Friday evening, we did some calculating and realized we needed four cubic meters of soil. In freedom units, that's over 141 cubic feet.
That is also roughly 6.5 METRIC TONS.
^- Our nosy neighbours kept watching me work all the time!
Spent the entire friday weekend removing the gravel and sand mix and throwing it into the container, and on sunday I dug out huge poison ivy roots in the vain hope that it wouldn't return anytime soon. Of course it will, because that is what this hellspawn of a plant will do, but...
Monday morning, my gf started to phone around and luckily, one supplier actually dumped those 6.5 metric tons of soil on our property the same afternoon. So all of thursday, I was busy wheelbarrowing and shoveling those 6.5 metric tons. Wednesday was a public holiday and on thursday, the nursery guys came over and planted what we had selected. They actually complimented me on the prep work for the patch. That felt really good.
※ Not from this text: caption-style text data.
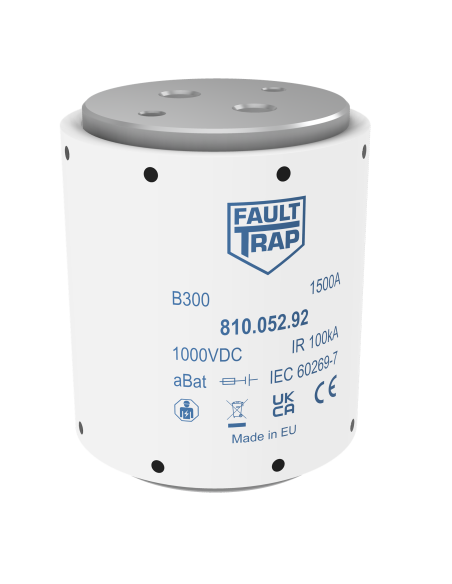 Fuse 1000VDC aBat 1400A 89x106mm 2x M12 flush end terminals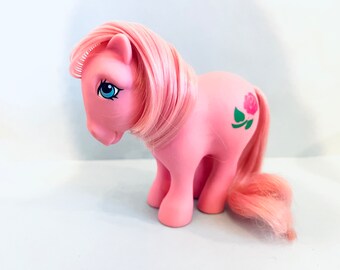 1980s Vintage My Little Pony G1 SELTEN rar Alternative Geburtsblume | Juni | Rose | Hasbro | Nirwana | Pony | Seltene Variante | Geburtstags-Pony |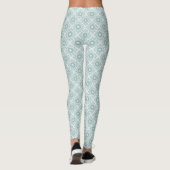 Leggings Motif embrouillé de trellis (Dos)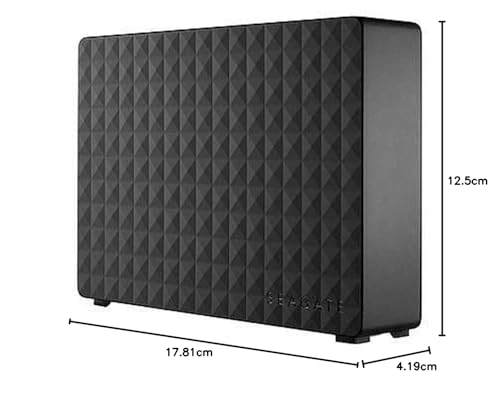 Image of Seagate Expansion Desktop 12TB External Hard Drive HDD - USB 3.0 for PC Laptop and 3-Year Rescue Services (STEB12000400)
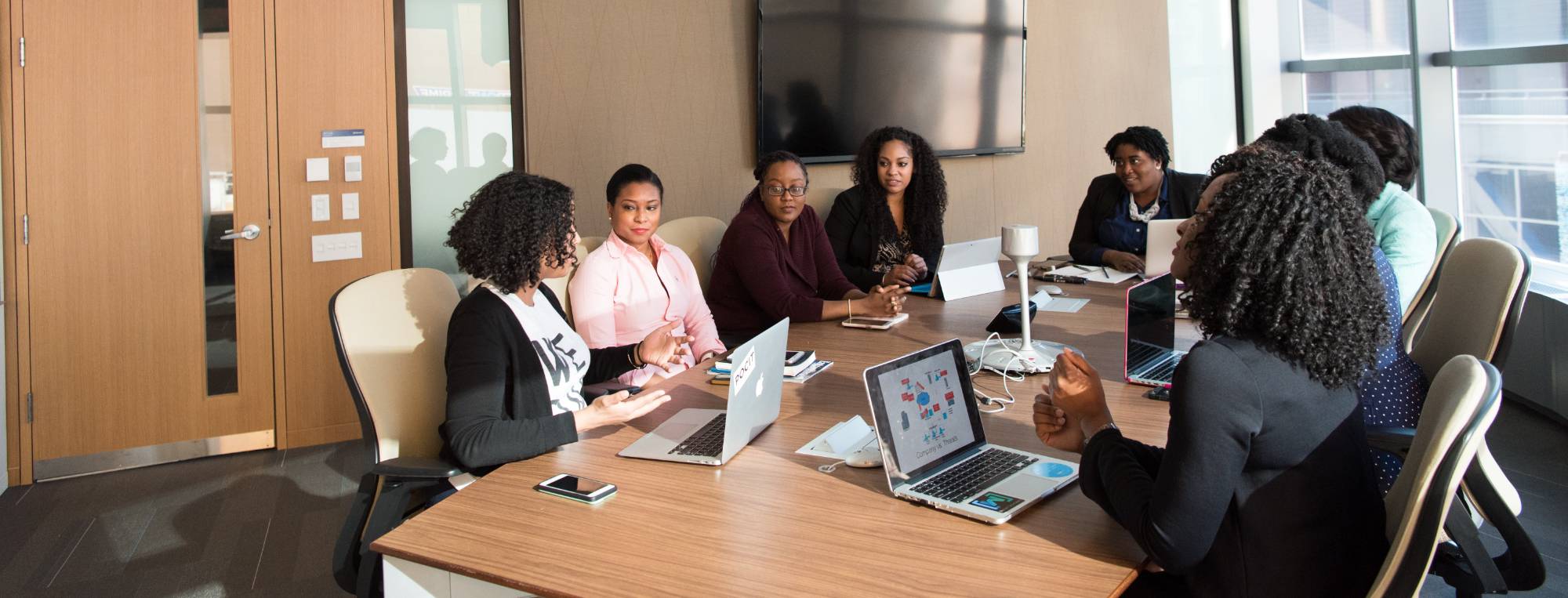 business people around a conference table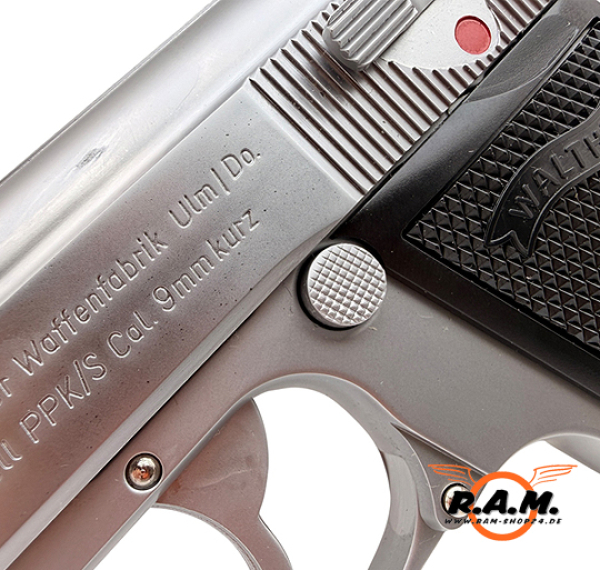 Walther PPK/S Silber GBB Airsoft Pistole 6 mm BB – Vollmetall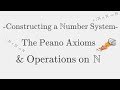 Number System Construction: Peano Axioms & Operations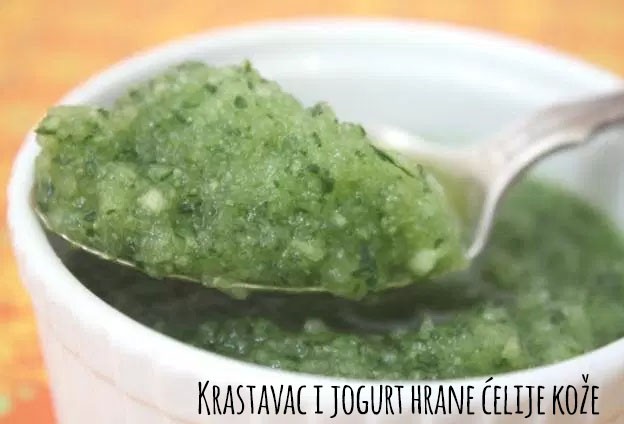 krastavac i jogurt maska za lice recept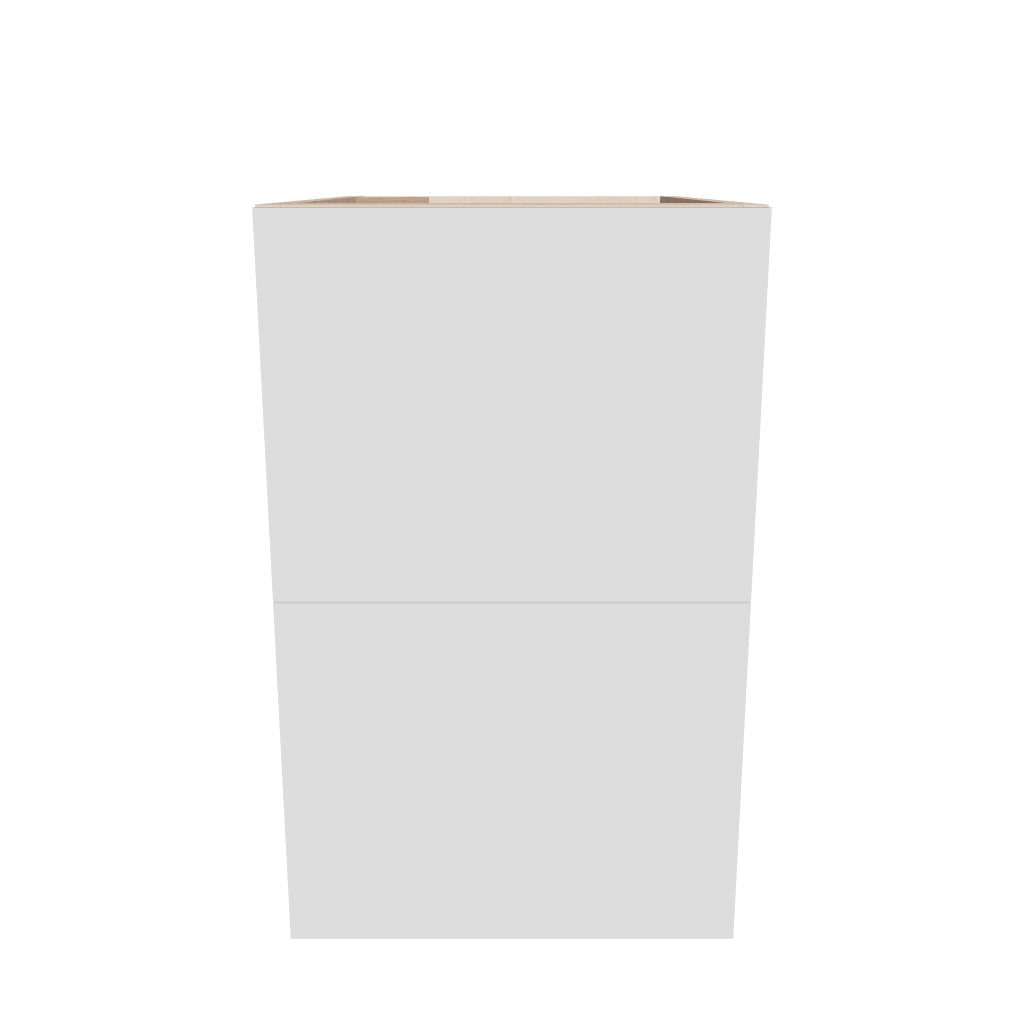 Modernform Cabinet Gloss White 15" W X 24" H X 21" D Vanity Floating Drawers Cabinet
This is what it looked like when I was done with it:

So as you can see I cut out a quarter circle from the lawn as well, so that was more stuff to be thrown into a container because of stupid laws.
When I was done, the first two containers looked like this:

Sorry for the potato quality picture, but you can tell just how much rubble that is.
I'll do you one better and put it in numbers though.
That's around 750 kilos of wood (or ~1650 lbs)
That's also 5670 kilos of rubble (or ~12500 lbs)
I know, because we got the bill today and that stuff is billed by weight.
I'll get a picture with the plants in later, but ... yeah that was our vacation project.
Did I mention I only had a shovel and a wheelbarrow, not an excavator?